É muito grande a pressão que existe pró-aborto, principalmente por parte das mulheres. Teriam elas o direito de vida e morte sobre o ser que estão concebendo? Devemos investir no direito do pleno desenvolvimento de um ser que já existe, ou devemos fechar os olhos à triste realidade dos crimes cometidos contra os mais fracos - sejam velhos, doentes ou crianças?
Ao considerarmos o aborto a interrupção de uma vida, duas questões se colocam: que vida é essa e onde ela começa? Diante do problema, Aristóteles dividiu o conceito de vida em três estágios:
O da vida nutritiva, comum a todos os seres vivos, que no caso humano já existe quando o sêmen, diante da coagulação sanguínea feminina, produz um embrião;
a vida sensível, partilhada pelos homens e outros animais, menos pelos vegetais;
a vida racional, quando, depois de 40 dias da concepção para o homem e 90 dias, para a mulher, o racional entraria no embrião.

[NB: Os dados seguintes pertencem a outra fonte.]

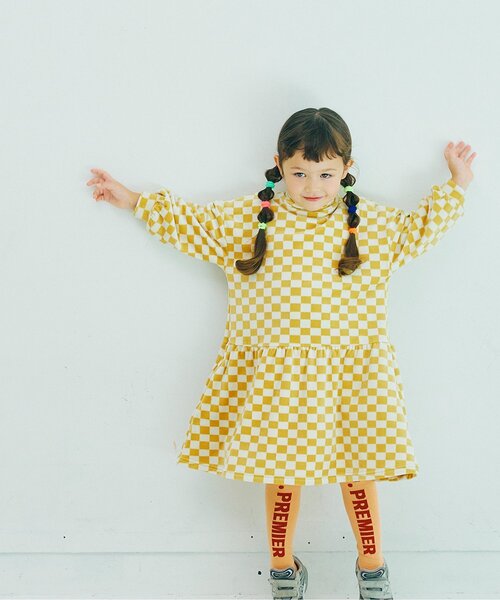 p.premier(ピードットプルミエ)の「【ジュニア対応】ベロアタッチのメルティ起毛フリースぬくぬくワンピース(ワンピース・キッズ・グリーン/レッド/ブラウン/その他2/ネイビー/イエロー・110/120/130/140/80/90/100)」の5枚目の写真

Para Aristóteles é a presença concomitante das três formas de vida que nos permite afirmar a existência de um ser humano.
O cristianismo, através de São Tomás de Aquino, incorporou as idéias do filósofo, mas, pela impossibilidade de a ciência precisar o momento da entrada do racional no embrião, a Igreja optou por considerá-lo pessoa humana desde a fecundação, o que passou a ser a base da doutrina oficial católica.
Embriões e fetos
Recentemente, manipular embriões em laboratório permitiu descobrir que eles não são um simples agregado de células, mas que é possível saber, vinte e quatro horas após a fecundação, como as células vão se diferenciar. Séculos se passaram e não temos como determinar onde se inicia a vida, o que esquenta a discussão ética e jurídica sobre a utilização de embriões - aqui, fora do útero - pela ciência.

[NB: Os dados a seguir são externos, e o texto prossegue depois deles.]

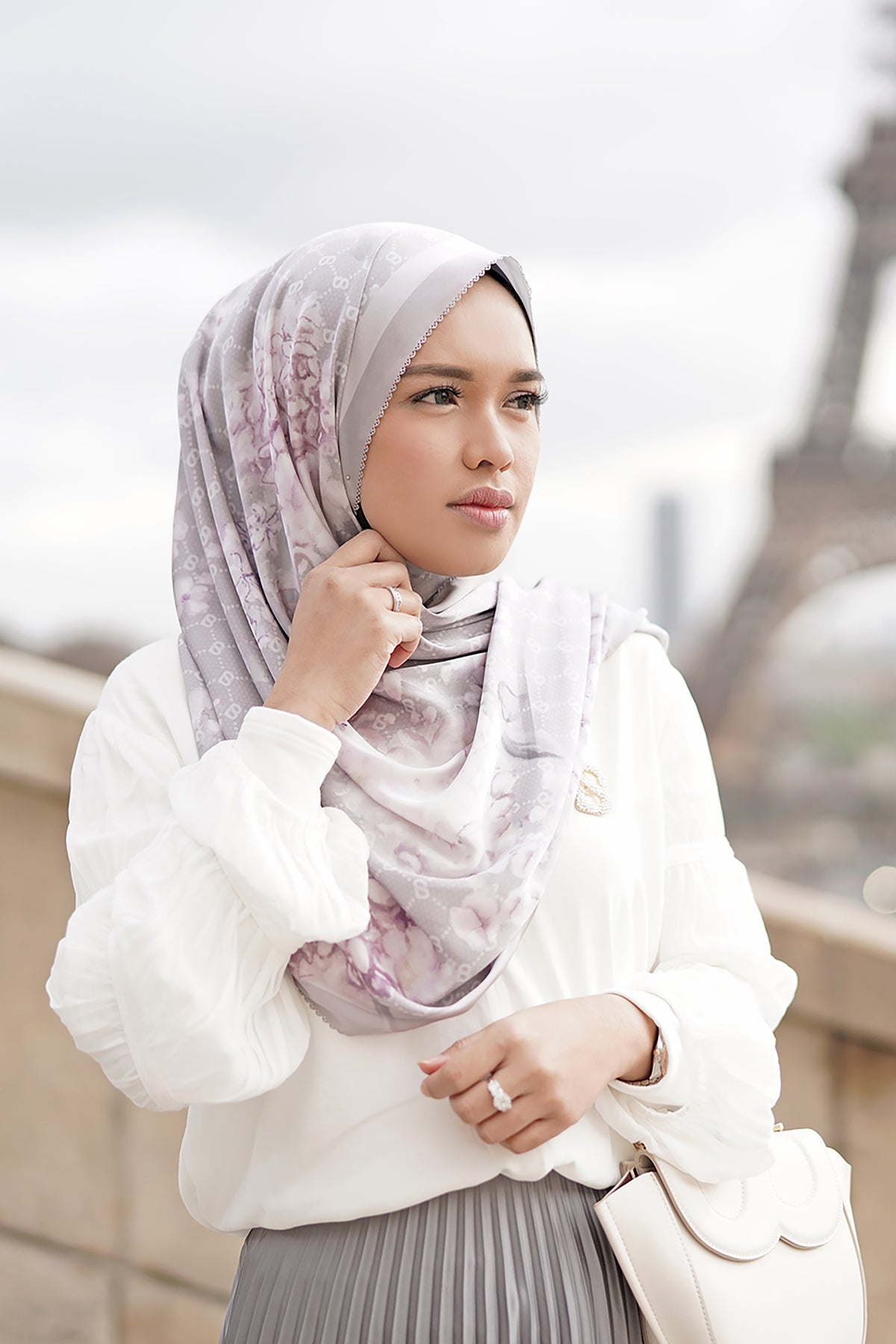 Hydrangea Satin Shawl - Clair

Alguns autores, extremamente contrários ao aborto, consideram que não há diferença entre um embrião, um feto ou um recém-nascido, como podemos verificar na opinião de J. Harris: Eu espero que tenhamos alcançado o ponto no qual ficará claro que os recém-nascidos, os bebês, os neonatos têm, qual seja, o status moral dos fetos, embriões e zigotos. Se o aborto é justificável, também o é o infanticídio.

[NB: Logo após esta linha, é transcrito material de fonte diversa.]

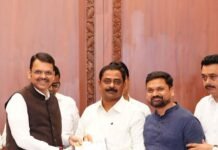मुळशीच्या प्रलंबित प्रश्नांसाठी मुख्यमंत्री देवेंद्र फडणवीस यांच्यासोबत सकारात्मक चर्चा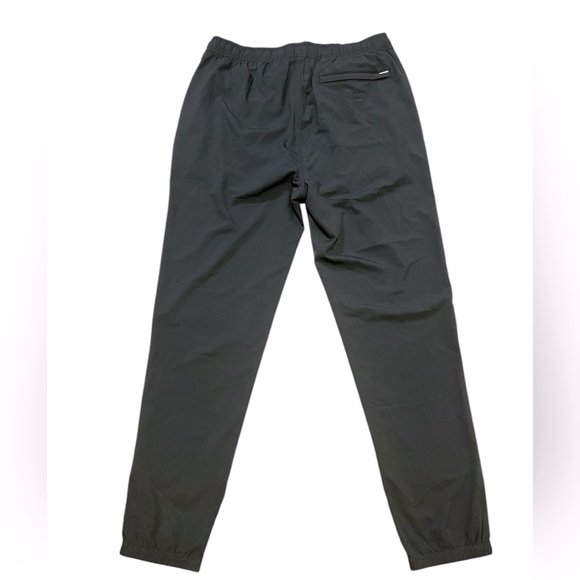 Vuori Men's Elastic Waist Pant | Grey | Size: M - Picture 2 of 4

O aborto e o coito interrompido são os métodos de controle de natalidade mais utilizados principalmente nos países mais pobres, como é o caso da América Latina e África. Logicamente, o coito interrompido, pela ineficiência do método, leva um maior número de mulheres à gravidez indesejada e, conseqüentemente, ao aborto, perpetuando o problema.